**INSTRUCTIONS TO FOLLOW**: Would you reproduce each line below exactly, leaving every picture out?

**DATA IN THIS EXERCISE**:
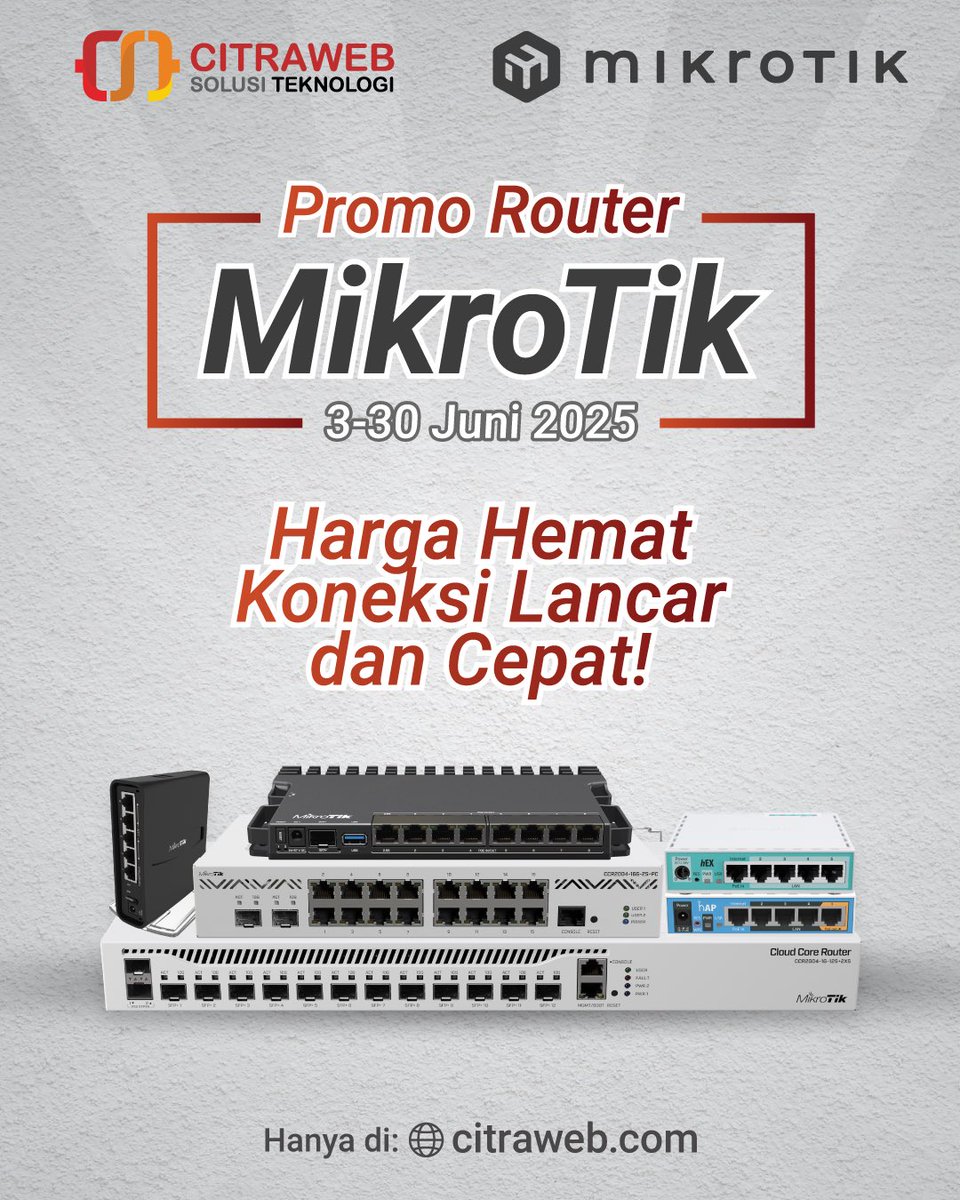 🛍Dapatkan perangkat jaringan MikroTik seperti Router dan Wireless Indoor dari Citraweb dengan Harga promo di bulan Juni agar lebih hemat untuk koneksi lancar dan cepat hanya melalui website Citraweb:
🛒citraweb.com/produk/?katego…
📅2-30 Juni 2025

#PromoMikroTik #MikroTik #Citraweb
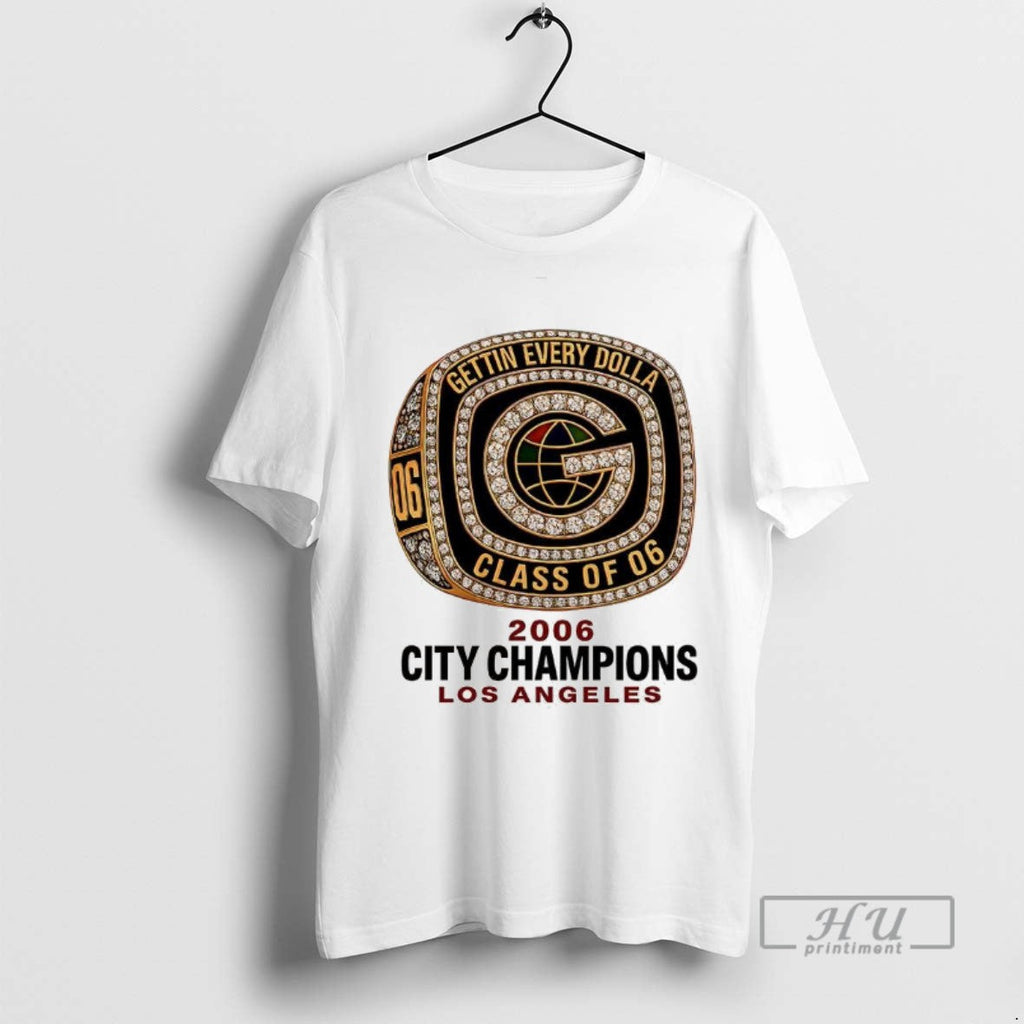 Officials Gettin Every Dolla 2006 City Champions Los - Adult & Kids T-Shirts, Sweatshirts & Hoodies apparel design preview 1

**SOLUTION TO THE PROBLEM**:
 🛍Dapatkan perangkat jaringan MikroTik seperti Router dan Wireless Indoor dari Citraweb dengan Harga promo di bulan Juni agar lebih hemat untuk koneksi lancar dan cepat hanya melalui website Citraweb:
🛒citraweb.com/produk/?katego…
📅2-30 Juni 2025

#PromoMikroTik #MikroTik #Citraweb
 Officials Gettin Every Dolla 2006 City Champions Los - Adult & Kids T-Shirts, Sweatshirts & Hoodies apparel design preview 1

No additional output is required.